The singing waiters sang “Happy Birthday” to me in the Red Lobster as the free vanilla ice cream with whipped cream was brought to my table.
They had pleasant voices and had been called into service numerous times because in the short time my family sat at the table we heard at least five or six neighboring “Happy Birthday” tunes at other tables.
The highlight of the day was finding two clothing items I could buy in Boscov’s. Is there a Boscov’s near you? My mother wanted to get me a birthday gift so took me to this store that anchors a shopping mall.
What is the attraction to cheaply made and poorly constructed chain store garments? If you can’t afford better clothes shopping here only makes sense if the clothes are on sale.
My mother balked because one of the items–a simple blue tee shirt–was originally marked $38 dollars. How could that be you wonder? A tee shirt that costs $38 dollars and it’s not in Target or H&M? Luckily it was on sale for $15 dollars.
Numerous trips to the dressing room proved almost futile. For starters, the smallest size jeans in Boscov’s are often a 4 or 6 so they’re too big for me. (The horror–you’re laughing at this. Go on, laugh.)
Anyway, a size 6P pair of Gloria Vanderbilt jeans fit so I snatched them up before anyone else could take them.
A woman came out of the dressing room and told me: “These pants don’t fit. I’ve gained weight. Yet I refuse to buy a larger size.”
Honey, I wanted to say, the size on a clothing tag is no measure of your worth or whether you should like yourself or how you look.
I thought the woman who came out of the dressing room looked beautiful. She didn’t look sloppy or slovenly to me, which is what counts more than what you weigh.
By the way, I have gone into H&M and couldn’t fit into their size 8 regular pants. Only a Barbie Doll could fit into those pants. They were a size 8 regular and I couldn’t get them over my knee.
Have I now convinced you female readers once and for all that sizing is arbitrary and makes no difference as long as you LOOK GOOD in your clothes?
Submitted for your amusement–because it amuses the heck out of me–is that now I’m the proud owner of four different sizes of jeans hanging in my closet. I own a 0P, a 2P, a 4P, and now a 6P–all Petite sizes no clowning around so this shouldn’t garner me any sympathy.
Yet this panoply of clothing sizes should make it clear that the number on a tag is arbitrary. With good reason you might ask what causes this variation in sizes? Well, it is laughable more than anything that one woman could fit into four different sizes.
Which proves that not only is age only a number–I’m 52 now–the size on a clothing tag is only a number.
I wish the woman who came out of the dressing room could’ve seen it in her heart to buy the next size up in the pants.
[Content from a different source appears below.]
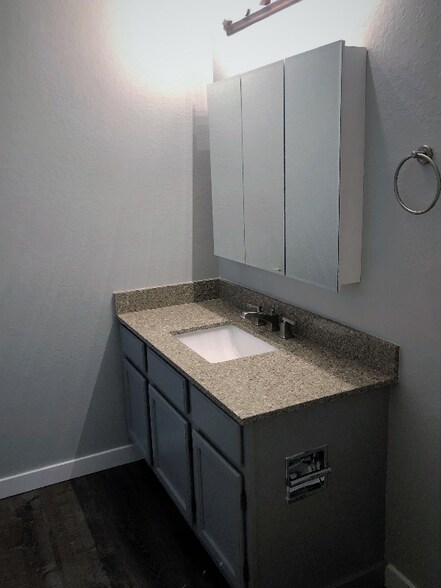 Building Photo - 471 Paxon St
The pants really did flatter her–I saw her in the smaller size and she already looked good in them.
Retail stores are closing down all over the place. Penney’s is closing something like 123 stores this year. You wonder why? The clothing looks cheap, and finding clothes that fit and flatter is near impossible.
If video killed the radio star according a song in the 1980s it’s also true that Alfred Dunner killed retail stores in the 2010s. Alfred Dunner–need I say more?
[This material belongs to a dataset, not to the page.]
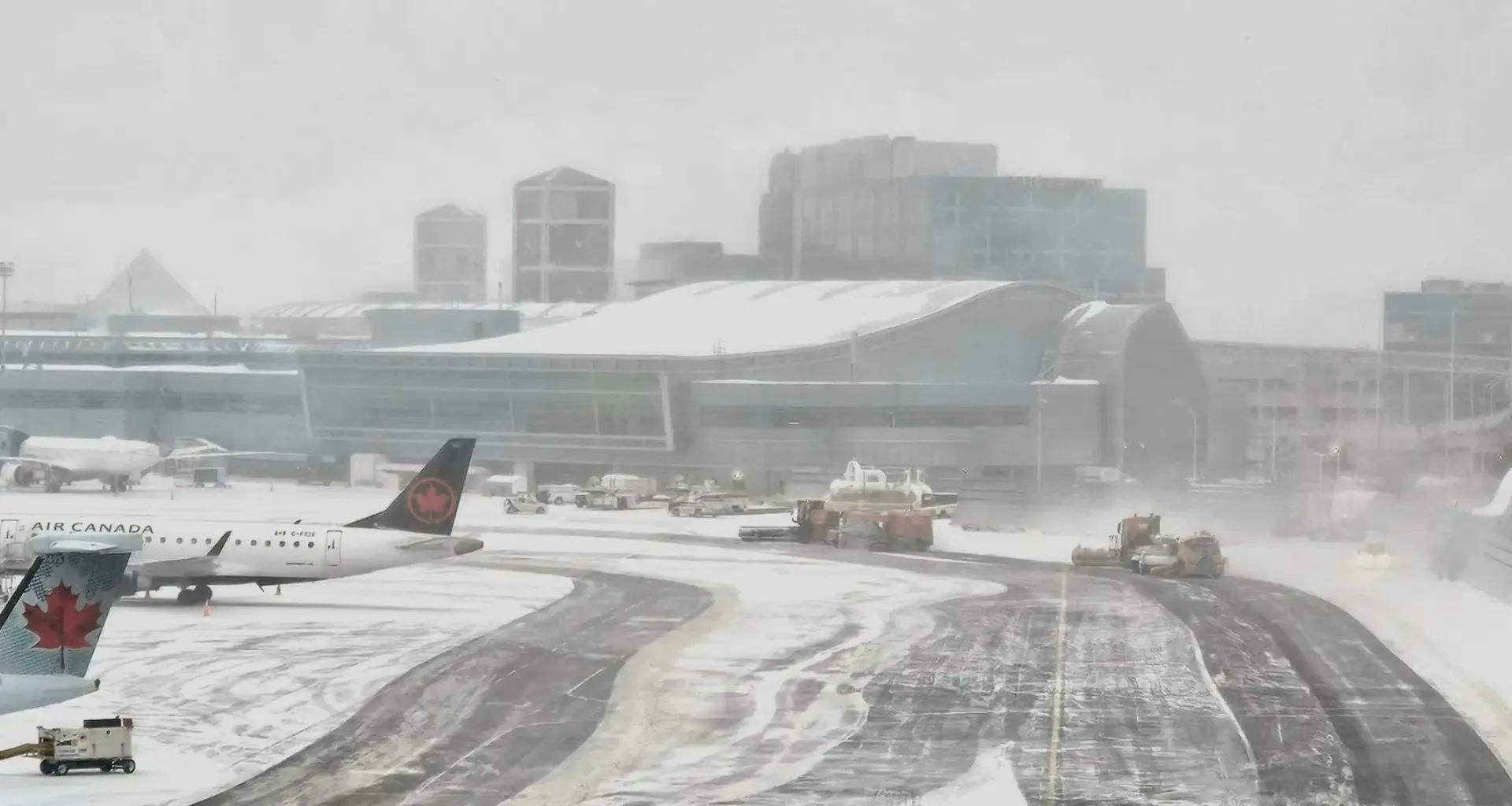 Toronto winter storm prompts Pearson Airport to cancel two-thirds of flights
I do buy cheaper clothes. I only buy clothes with a coupon code of at least 30 percent off. The difference is these clothes don’t look cheap. And you won’t see a mirror image of yourself wearing the same clothes going up and down the street.
It’s possible to look good in clothes that don’t cost a lot of money. You just have to be a detective to track them down. You have to use your eye to see whether the clothes flatter you.
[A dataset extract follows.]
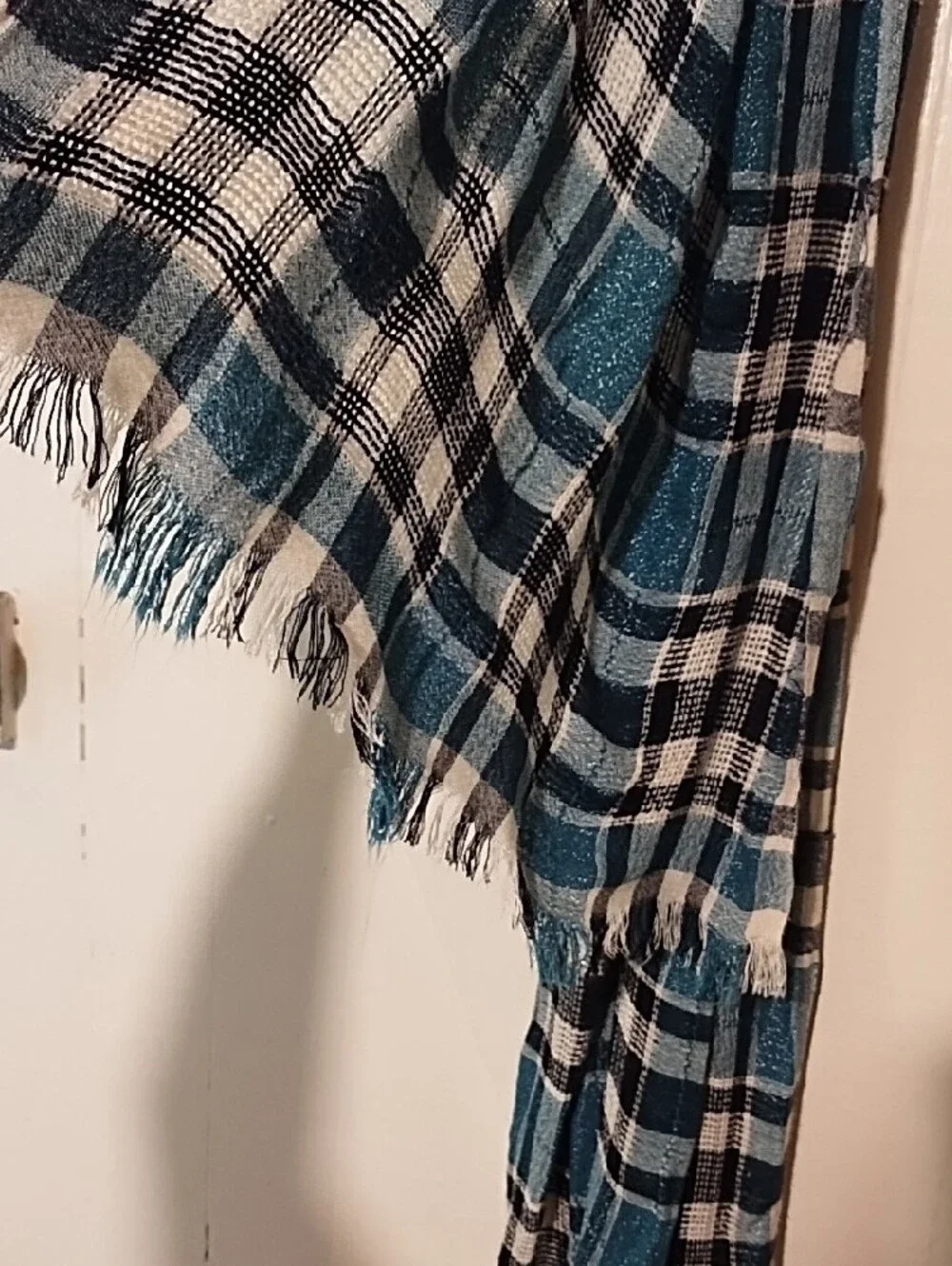 Christopher & Banks Teal Blue Plaid Lightweight Scarf VGC OSFM.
I’ve bought for only $35 after tax online a denim jacket. I’ve bought for $44 dollars after tax from GAP online a pair of jeans. Which makes paying $69 for these items in a no-name chain store really ridiculous.
Cost isn’t the issue. Looking good is the issue. Trust me what woman wants to spend hours in a dressing room trying on pants and jeans and blouses that she winds up looking awful in?
None of the blouses I tried on in Boscov’s fit and flattered by the way. I was glad as heck to get out of that store pronto with two items of clothing that looked good and fit good.
Yes, I’m 52 now. I’m glad to be 52. And at this point, I doubt I’d care if I gained any weight. How much a woman weighs is besides the point.